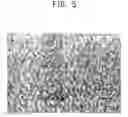 Fig. 06 - Nanocomposite solution with complex-function and method for preparation thereof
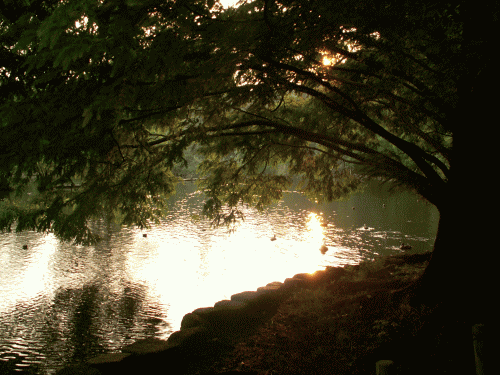 公園、池の夕景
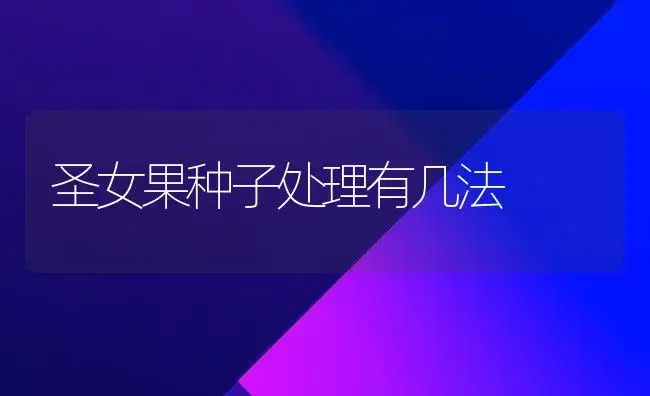 圣女果种子处理有几法 | 植物科普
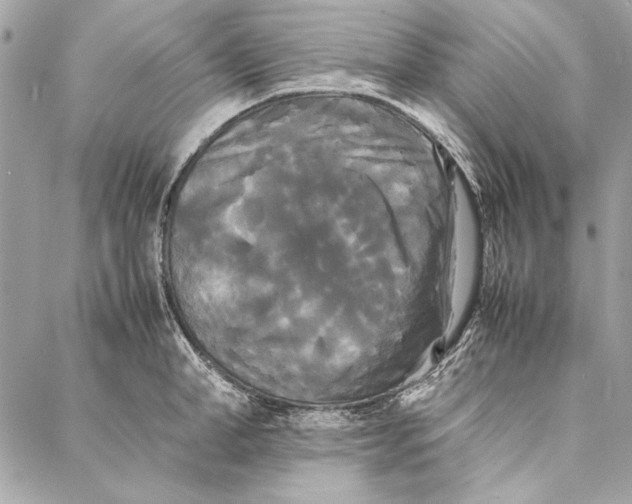 X0000086920998200705071323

What to produce
The data above must be given again in full and unaltered, minus its images.

Answer section
 Fig. 06 - Nanocomposite solution with complex-function and method for preparation thereof
 公園、池の夕景
 圣女果种子处理有几法 | 植物科普
 X0000086920998200705071323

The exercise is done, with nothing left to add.